▶ [WHAT YOU NEED TO DO]:
Once the line containing "Shtepi me qera 2+1 ne Tirane - 700 Euro" is found in the entries below, restate it and each following line word for word, stopping after the line containing "la ep trenes".

▶ [INFORMATION]:
--- START ---
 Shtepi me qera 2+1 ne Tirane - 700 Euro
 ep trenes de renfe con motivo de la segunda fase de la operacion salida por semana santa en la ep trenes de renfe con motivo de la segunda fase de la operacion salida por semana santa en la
--- END ---
--- START ---
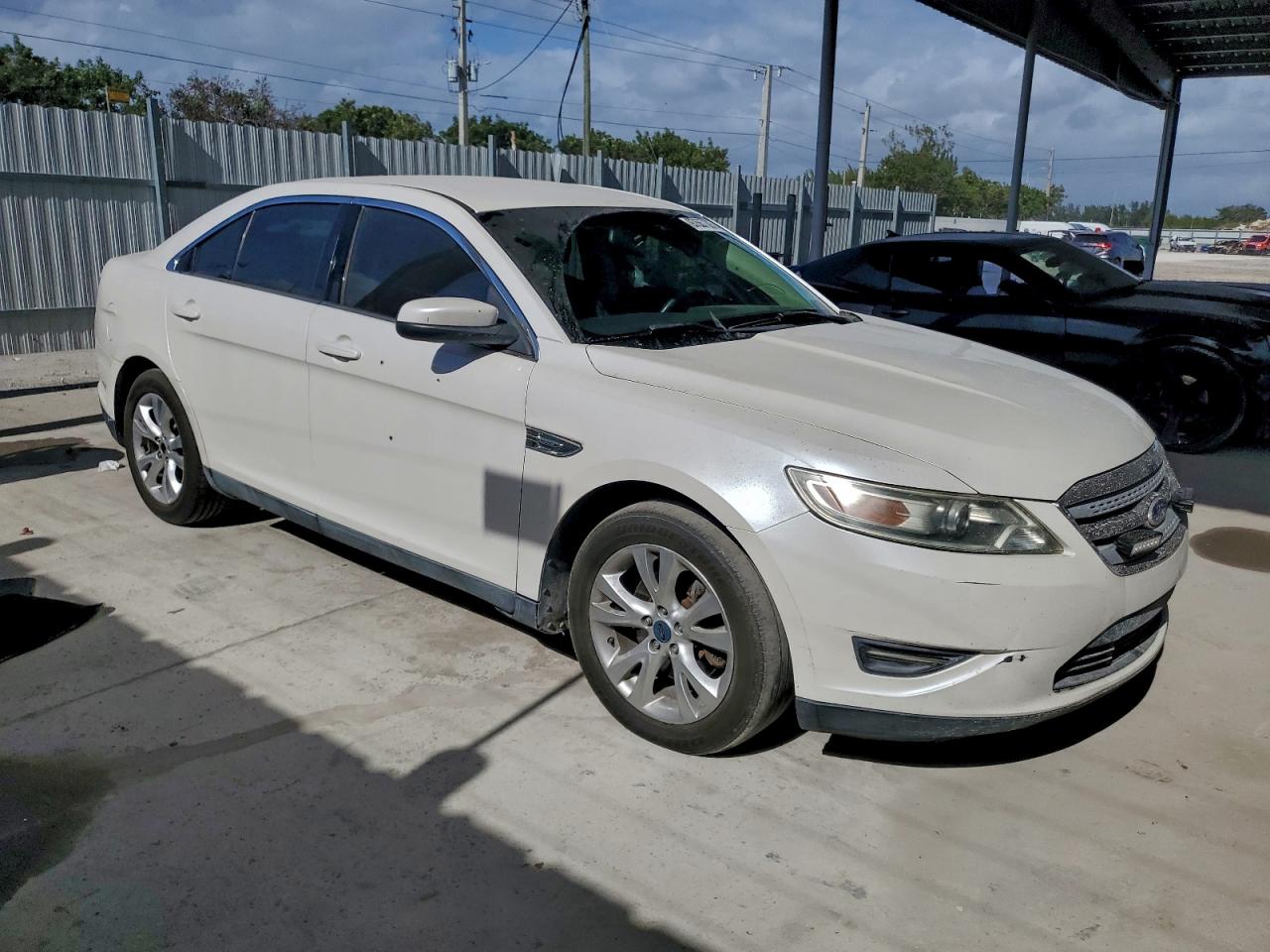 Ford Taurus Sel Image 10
--- END ---
▶ [EXERCISE SOLUTION]:
 Shtepi me qera 2+1 ne Tirane - 700 Euro
 ep trenes de renfe con motivo de la segunda fase de la operacion salida por semana santa en la ep trenes de renfe con motivo de la segunda fase de la operacion salida por semana santa en la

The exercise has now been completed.